Prior to Nimbus, Mr. Keiper was VP of Business Development at GSK Oncology and spent a decade at GlaxoSmithKline in various BD leadership roles. He led the oncology portion of the $16 billion GSK-Novartis transaction announced in April 2014. In 20 years of industry experience, starting as a bench chemist at Pfizer R&D and working in various roles from consulting at McKinsey to business development at TransForm Pharmaceuticals, Mr. Keiper has a track record of leading teams of talented scientists and managers to achieve stretch objectives, including advancing new medicines into clinical development, filing NDAs, and constructing transformative deals and financings.
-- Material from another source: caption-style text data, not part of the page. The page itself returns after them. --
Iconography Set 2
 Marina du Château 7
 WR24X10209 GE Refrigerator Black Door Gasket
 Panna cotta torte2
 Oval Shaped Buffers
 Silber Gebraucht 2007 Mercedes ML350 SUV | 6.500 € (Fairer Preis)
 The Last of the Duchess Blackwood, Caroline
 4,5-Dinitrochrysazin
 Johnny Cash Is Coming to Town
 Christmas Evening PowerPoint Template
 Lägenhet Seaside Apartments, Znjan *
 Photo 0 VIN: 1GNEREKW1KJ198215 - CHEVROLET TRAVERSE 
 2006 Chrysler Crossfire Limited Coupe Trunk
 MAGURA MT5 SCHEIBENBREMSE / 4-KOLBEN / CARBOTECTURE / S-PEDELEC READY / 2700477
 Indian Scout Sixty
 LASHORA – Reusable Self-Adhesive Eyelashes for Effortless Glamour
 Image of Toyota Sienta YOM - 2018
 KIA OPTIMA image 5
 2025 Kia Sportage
"Jeb has been a critical component of the success at Nimbus over the last four years, and we are confident that he will lead the company into the future and its continued successful development of the pipeline," said Nimbus’ Chairman and co-founder Bruce Booth, D.Phil. "We thank Don for his passion and leadership in driving the accomplishments Nimbus has achieved to date and have immense respect for him as a scientist and a leader. I look forward to working with him on future innovative opportunities."

"Nimbus has pioneered new ways of discovering and developing important medicines for patients leveraging a globally distributed, virtually-enabled operating model," said Mr. Keiper. "Our success has challenged and reformed decades-old dogma on how to develop new small molecule medicines, and has been reflected in our partnerships with Gilead, Celgene, and Genentech. As we enter the next chapter, our ambition and business strategy remain the same: to continue innovating with computational methodologies for creating and advancing new medicines, and to couple those with cutting-edge discoveries in the mechanistic underpinnings of human disease."